(Task prompt)
Would you restate the entries below word for word, leaving out the images?

(Provided records)
---------------

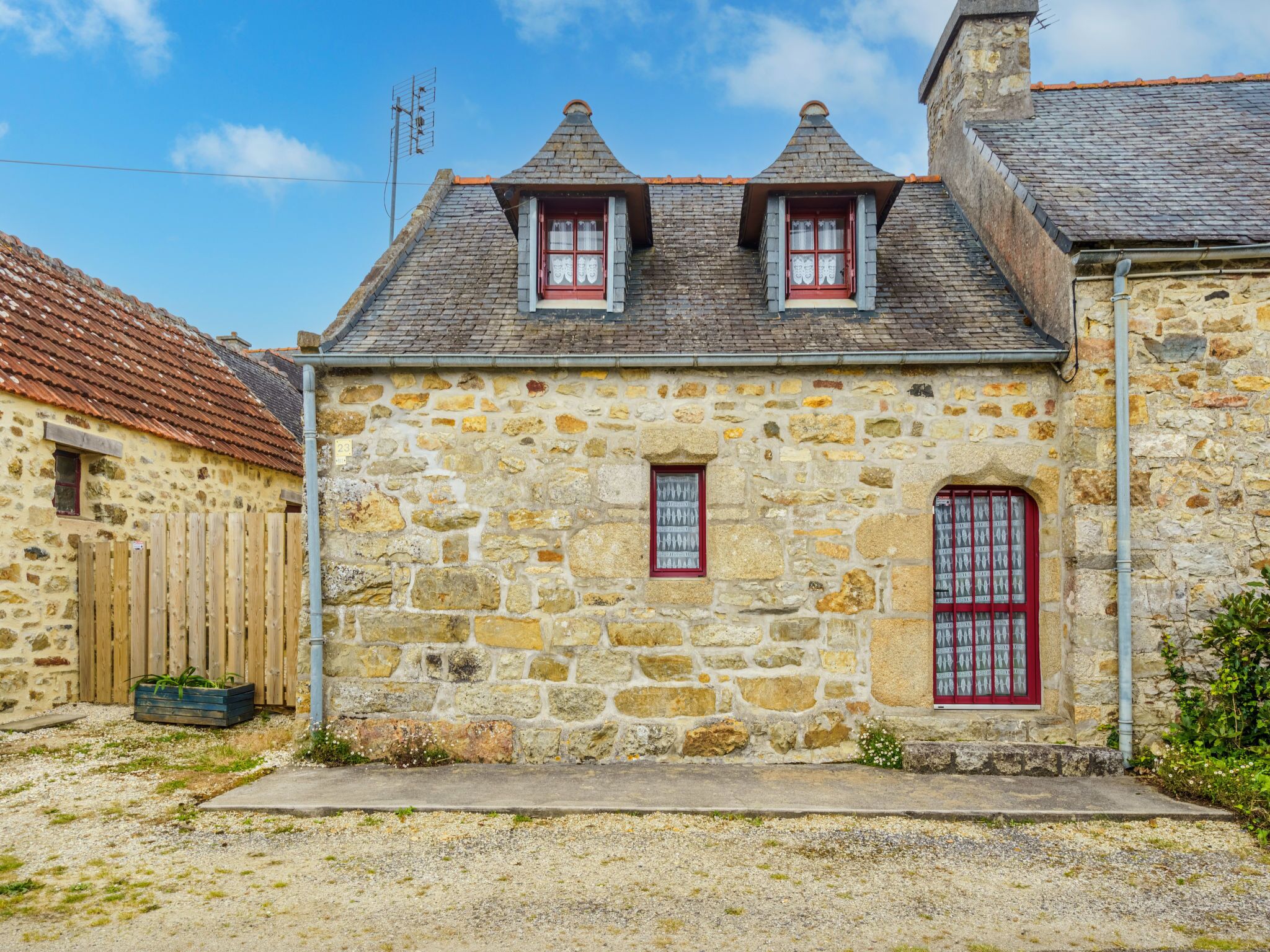 A stone building with two red-framed windows and a small door, surrounded by gravel and a wooden fence.
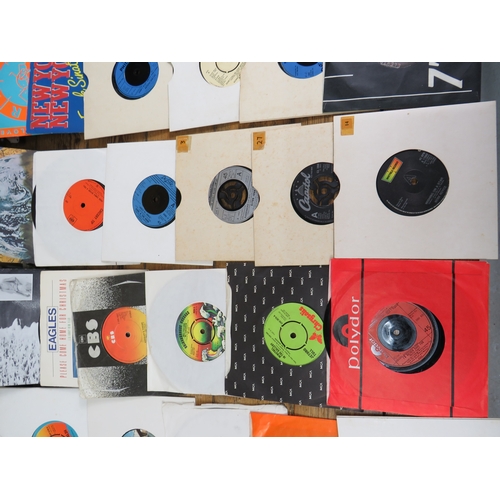 557 - Large collection of 85+ vinyl 7-inch singles (45 RPM records) featuring various artists predominantl... 
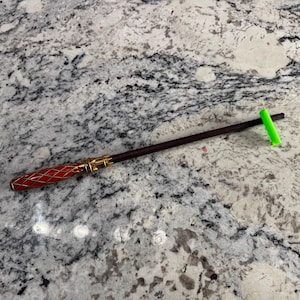 May include: A dark brown wooden wand with a red and gold handle. The wand is lying on a white countertop with a green marker next to it.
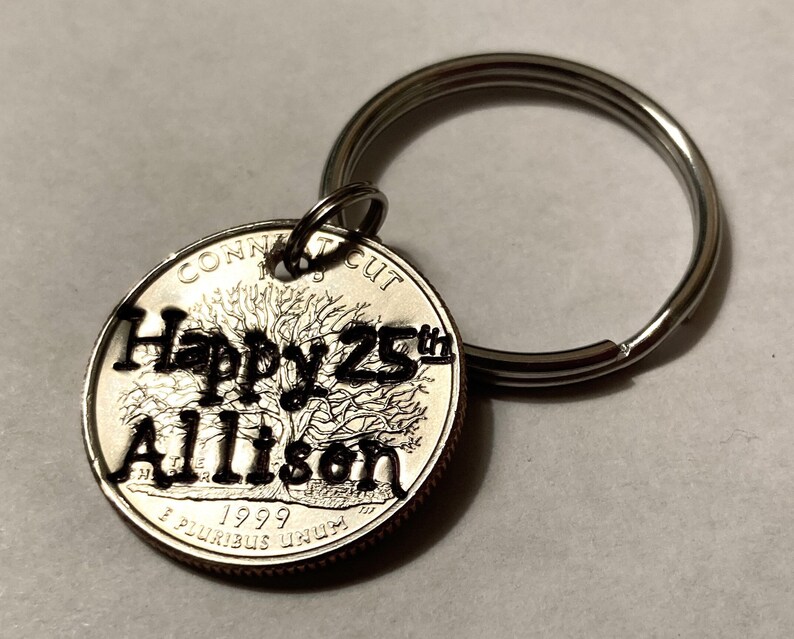 May include: A silver quarter coin keychain with the words "Happy 25th Allison" cut out. The coin is from 1999 and features a tree design. A silver key ring is attached to the coin.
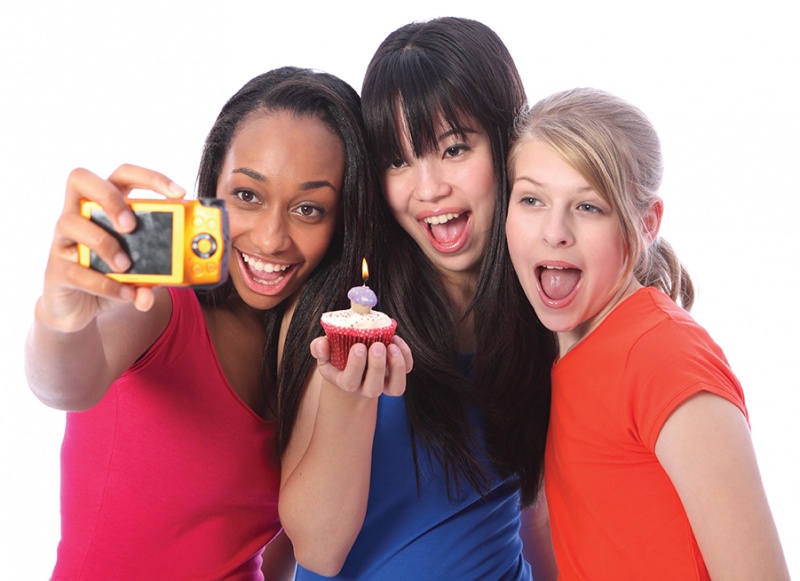 Planning a Tween's Birthday Party three tween girls taking selfie with cupcake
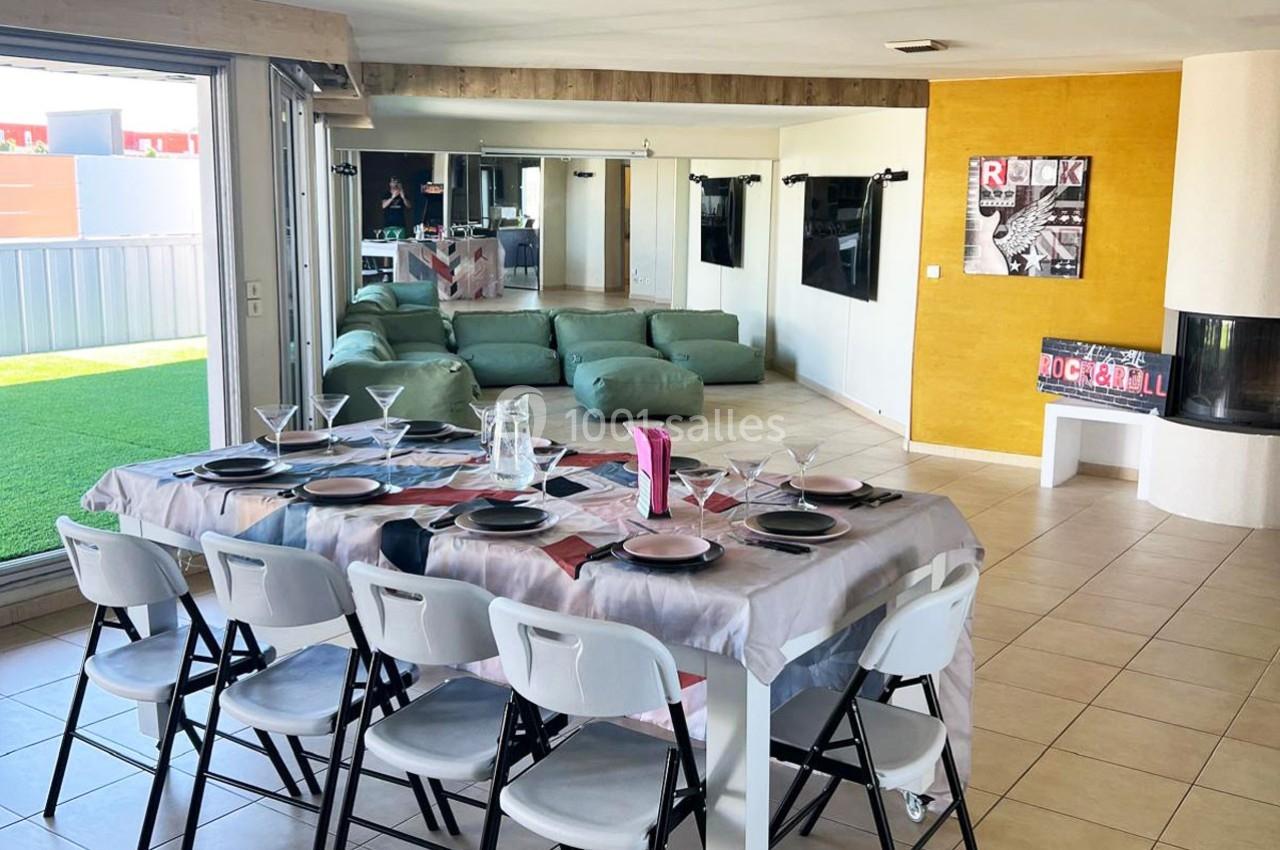Salle à manger moderne avec table dressée, chaises pliantes blanches, canapé modulable et accès à une terrasse extérieure.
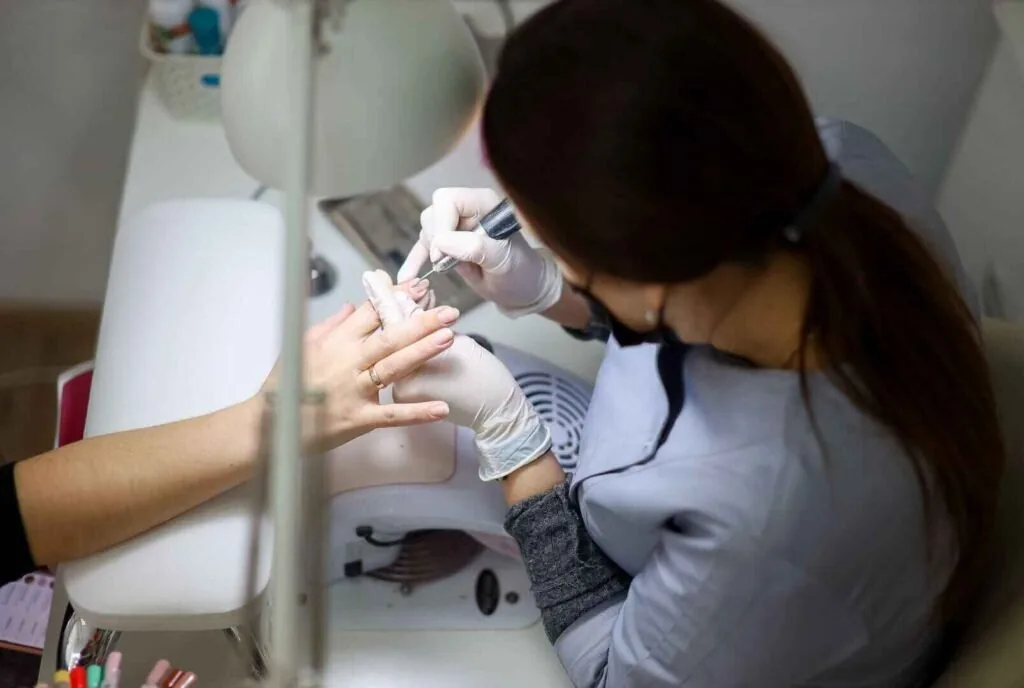 Deep cleaning matte nails with a soft brush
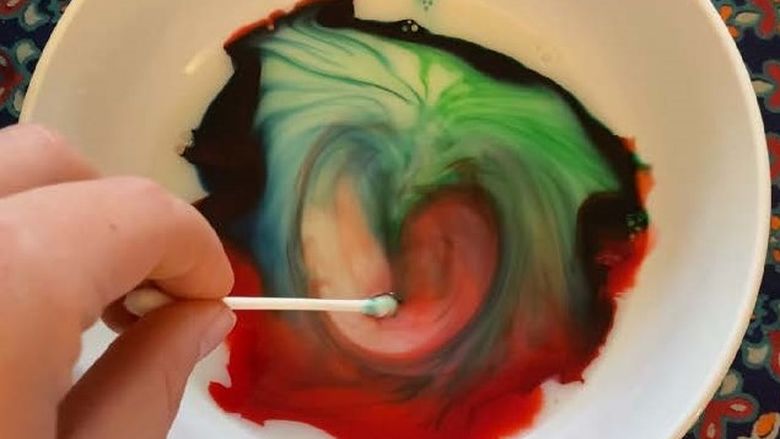 Bowl with milk and food coloring, with a cotton swab coated in dish soap to create a tie-dye milk experiment.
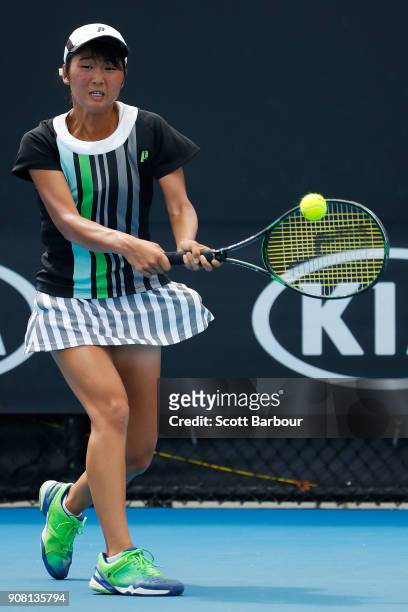 Anri Nagata of Japan plays a backhand against Diane Parry of France during the Australian Open 2018 Junior Championships at Melbourne Park on January...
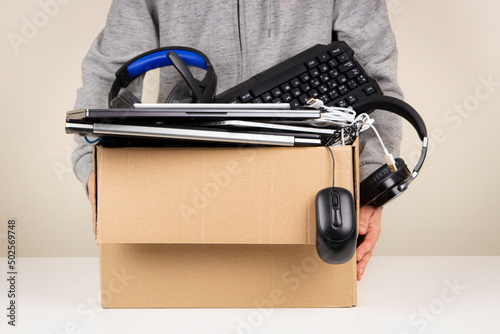 Woman hands holding cardboard box full old used computers, phones, tablets, gadget devices for recycling. Planned obsolescence, e-waste, donation, electronic waste for reuse and recycle concept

---------------

(Task solution)
 A stone building with two red-framed windows and a small door, surrounded by gravel and a wooden fence.
 557 - Large collection of 85+ vinyl 7-inch singles (45 RPM records) featuring various artists predominantl... 
 May include: A dark brown wooden wand with a red and gold handle. The wand is lying on a white countertop with a green marker next to it.
 May include: A silver quarter coin keychain with the words "Happy 25th Allison" cut out. The coin is from 1999 and features a tree design. A silver key ring is attached to the coin.
 Planning a Tween's Birthday Party three tween girls taking selfie with cupcake
Salle à manger moderne avec table dressée, chaises pliantes blanches, canapé modulable et accès à une terrasse extérieure.
 Deep cleaning matte nails with a soft brush
 Bowl with milk and food coloring, with a cotton swab coated in dish soap to create a tie-dye milk experiment.
 Anri Nagata of Japan plays a backhand against Diane Parry of France during the Australian Open 2018 Junior Championships at Melbourne Park on January...
 Woman hands holding cardboard box full old used computers, phones, tablets, gadget devices for recycling. Planned obsolescence, e-waste, donation, electronic waste for reuse and recycle concept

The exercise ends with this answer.